Presented By O’Reilly and Intel AI
Put AI to work
Sep 4-5, 2018: Training
Sep 5-7, 2018: Tutorials & Conference
San Francisco, CA

Deep learning for large-scale online fraud detection

Ting-Fang Yen (DataVisor)
1:45pm-2:25pm Friday, September 7, 2018
Implementing AI, Models and Methods
Location: Continental 1-3
Secondary topics:  Deep Learning models, Temporal data and time-series
Average rating: ****.
(4.00, 1 rating)

Who is this presentation for?

  • Data scientists, machine learning engineers, AI infrastructure engineers, and AI researchers

Prerequisite knowledge

  • Familiarity with machine learning methods and related terminology
  • Experience with Apache Spark, TensorFlow, and deep learning methods (useful but not required)

What you'll learn

  • Understand how deep learning can be applied to cybersecurity and how deep learning models perform versus traditional fraud detection solutions
  • Learn how to implement a production-ready deep learning solution


Online fraud is often orchestrated by organized crime rings, who use coordinated malicious user accounts, either created anew or obtained via user hijacking, to actively target modern online services for financial gain. Existing fraud solutions either rely on reputation lists for blocking known suspicious activities or require extensive feature engineering by human analysts for model training. These approaches don’t adapt well to changing fraud patterns; nor are they able to scale to large data volumes.

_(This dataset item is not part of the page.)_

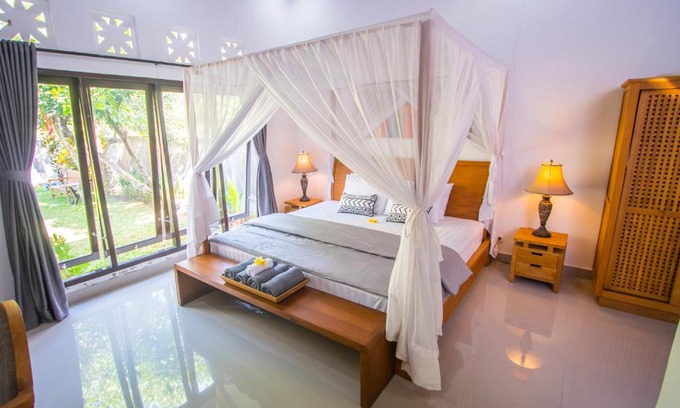 Tejakula Casa | Gede House Tejakula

DataVisor analyzes activities from billions of accounts across global online services to detect fraud and abuse, giving the company unique insights into the online fraud landscape that allow it to tackle the coordinated fraud attacks holistically. Ting-Fang Yen shares DataVisor’s real-time, scalable fraud detection solution, which is backed by deep learning and built on Spark and TensorFlow and demonstrates how the system significantly outperforms traditional solutions such as blacklists and machine learning at terabyte-data scale. The solution represents one of the few production examples where deep learning models are applied to security problems and is based on digital information commonly collected by online services, including IP addresses, user-agent strings, email domains, and user nicknames. The general fraud detection framework can identify fraudulent activities in log data that contain (all or a subnet of) this common digital information. By leveraging common digital information, the model is agnostic to the specific application or service from which data queries originate.

Photo of Ting-Fang Yen

Ting-Fang Yen


Ting-Fang Yen is the director of research at DataVisor, the leading fraud, crime, and abuse-detection solution using unsupervised machine learning to detect fraudulent and malicious activity such as fake account registrations, fraudulent transactions, spam, account takeovers, and more. She has over 10 years of experience in applying big data analytics and machine learning to tackle problems in cybersecurity. Ting-Fang holds a PhD in electrical and computer engineering from Carnegie Mellon University.